Otro rasgo de esta crisis es que es de múltiples resonancias. En primera instancia, aquella estaría referida a la imposibilidad de establecer la plenitud ausente que permite que un significante vacío se llene de contenido. La capacidad de sustitución de una cosa por otra en el teatro o de lo social a través de lo particular (en la representación política) se torna inviable, inverosímil. Esa disrupción impide el cierre del proceso que lleva a esa plenitud ausente.
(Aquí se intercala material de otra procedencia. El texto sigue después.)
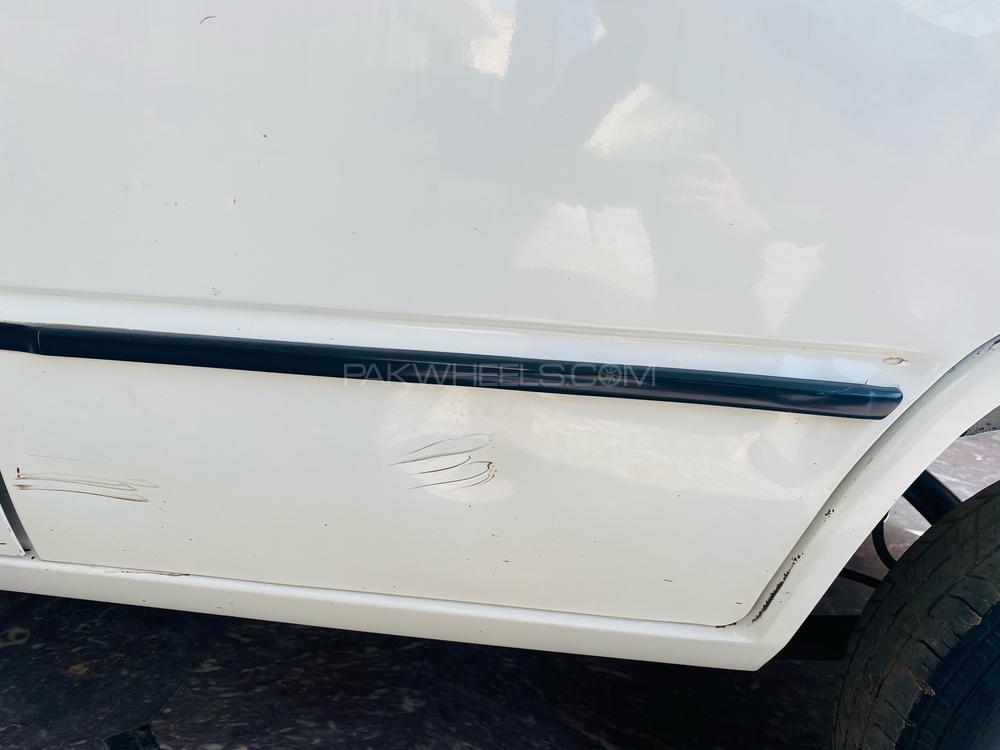 Suzuki Mehran 2016 for Sale in Lahore Suzuki Mehran 2016 for Sale in Lahore Image-7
La lógica equivalencial del proceso ideológico, como de la representación, colapsa. La posibilidad de traspasar, trasegar sentido de un medio a otro, se ve comprometido. Se produce una anomia inevitable que sólo podrá compensarse en la demiurgia social asociable a la fuerza y capacidad creativa de los individuos de la comunidad. Aunque esa demiurgia también es el ‘reflejo’ del poder y sabiduría divino para crear de la nada. Esta anti-representación tal vez incluye la capacidad de lograr una identidad, como Nancy dice del ‘judio’ visto por los nazis (2): “una identidad que pueda ser designada sin ninguna clase de duda”.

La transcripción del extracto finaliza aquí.